*** Begin section ***

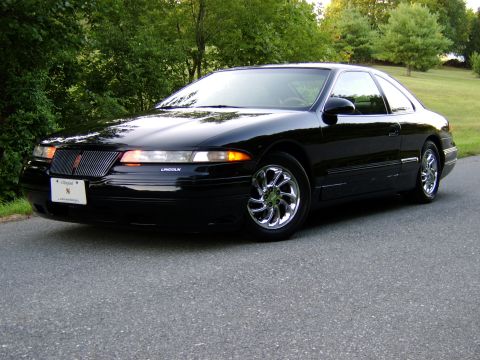 1996 Mercury Grand Marquis - A black Lincoln Mark VIII is parked on a paved road with trees in the background.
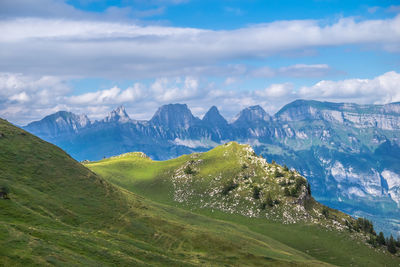 Scenic view of landscape and mountains against sky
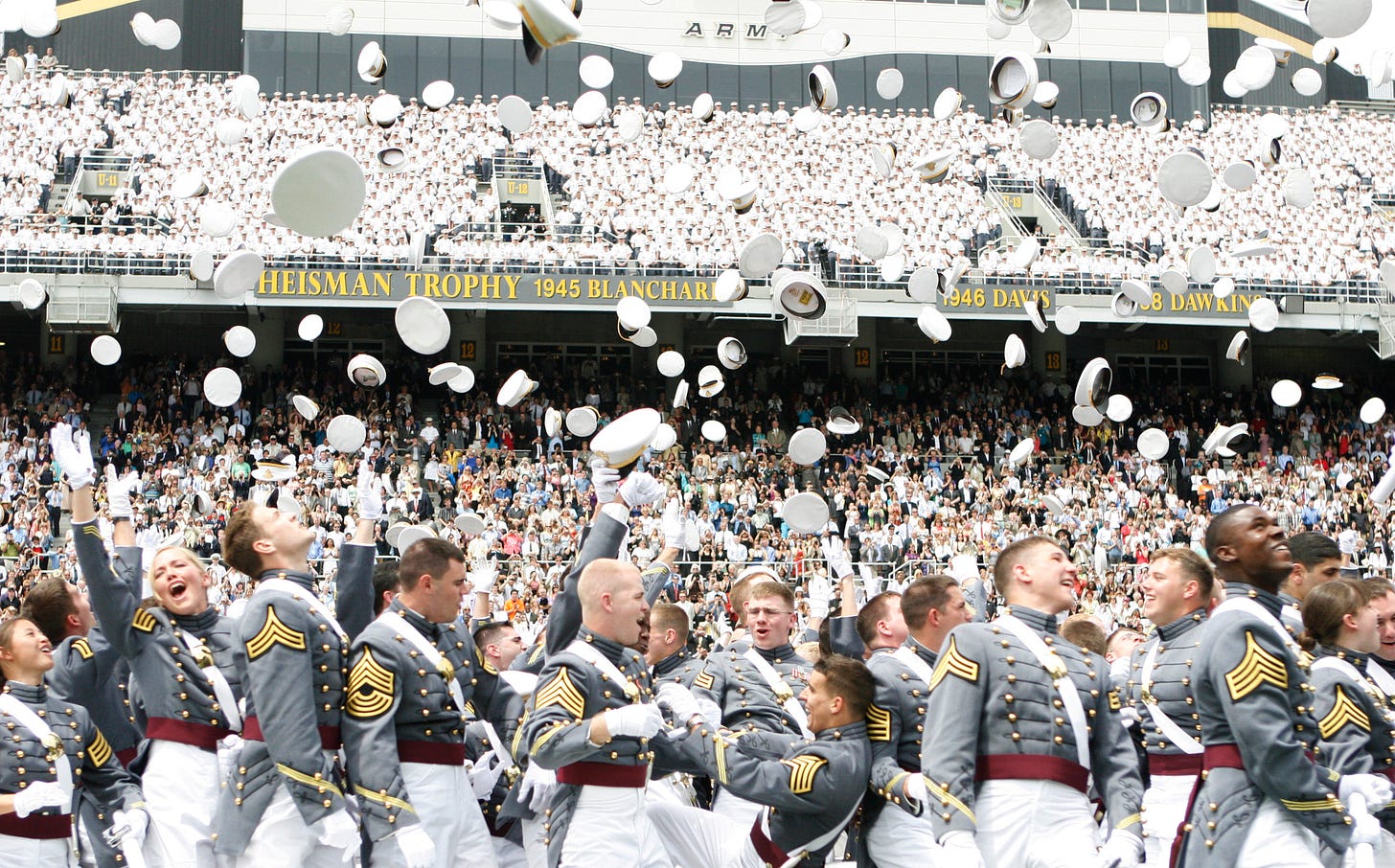 West Point graduation (2010) depicts a crowd of smiling Army graduates. They are celebrating their graduation by throwing their hats into the air. Photo is by Mike Strasser, West Point Public Affairs Office.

*** End section ***

:: ACTIVITY ::
The response should be the full material, repeated exactly, with images removed.

:: EXERCISE RESULT ::
 1996 Mercury Grand Marquis - A black Lincoln Mark VIII is parked on a paved road with trees in the background.
 Scenic view of landscape and mountains against sky
 West Point graduation (2010) depicts a crowd of smiling Army graduates. They are celebrating their graduation by throwing their hats into the air. Photo is by Mike Strasser, West Point Public Affairs Office.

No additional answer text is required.